The “last mile” of home delivery takes such a big share of costs for retailers it's no surprise companies are trialing various solutions to mitigate these. In some cities in the UK, for example, Co-op is exploring sidewalk delivery robots to bring customers’ online purchases to their home. The machine drives using GPS and customers are sent a unique code to their smartphones so they can access their shopping. “The Co-op is committed to exploring new technologies and seeking new ways to innovate”, says Co-op's head of food digital.

Rewe is equally trialing a sidewalk robot in the Hamburg area in Germany. Customers can place their orders via the app and employees of the store assemble the products and place them in the cargo hold of the delivery bot. The robot should then reach its destination within two hours thanks to sophisticated technology with sensors, radar, lighting system, artificial intelligence and integrated navigation system.

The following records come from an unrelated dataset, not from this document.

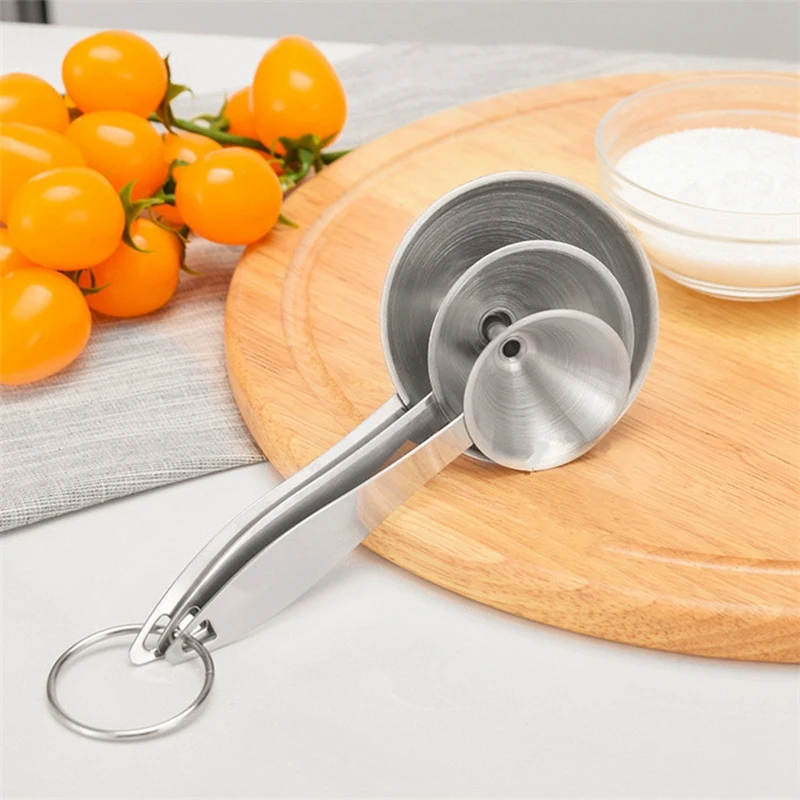 Imbuti 3 in 1 per il riempimento di bottiglie Set di imbuti da cucina in acciaio inossidabile per il trasferimento di oli essenziali liquidi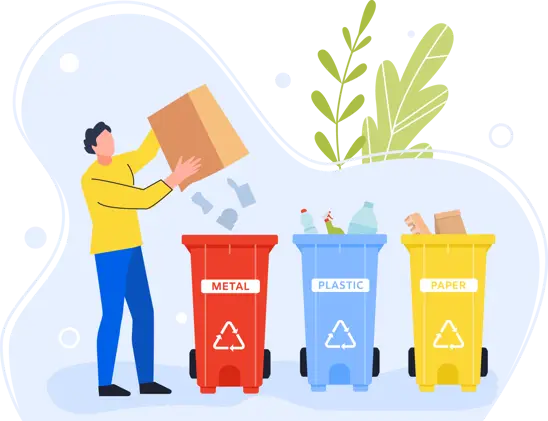 An illustration of a person recycling, placing items into red, blue, and yellow bins labeled metal, plastic, and paper. Plants are in the background, promoting an eco-friendly environment.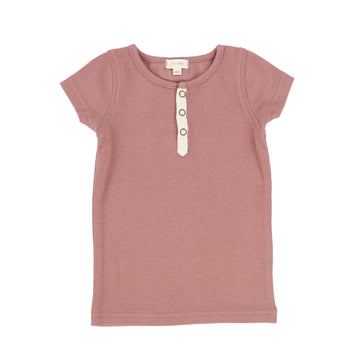Lil Legs Mauve Ribbed Short Sleeve Tab Tee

Customers will then receive a message with a pin via the app, with which they can open the delivery bot. In Lithuania, the retailer goes one step further and is testing an autonomous delivery van with its subsidiary Iki. The small self-driving electric car drives on the road and delivers the order to the customer’s doorstep and notifies them via a mobile app that the order is ready to be picked up. The customer only has to enter the order collection code and collect the purchase.

In Belgium, retail leader Colruyt is testing an autonomous delivery vehicle. After weeks of tests in the parking lot of its DC, it now drives unmanned on public roads. However, the car is monitored remotely by an employee who can intervene if necessary. Carrefour just started a pilot with a delivery robot at a business complex in the country.

Not only the high costs of the last mile, also labour shortages, high wages, the desire for 24/7 availability and mobility problems in cities are pushing retailers to find new solutions. As of now, the legal framework for autonomous delivery cars on public roads isn’t there, the EU Commission has taken on the topic and is currently creating such a framework with new regulations. So far, however, many national and local permits have been required.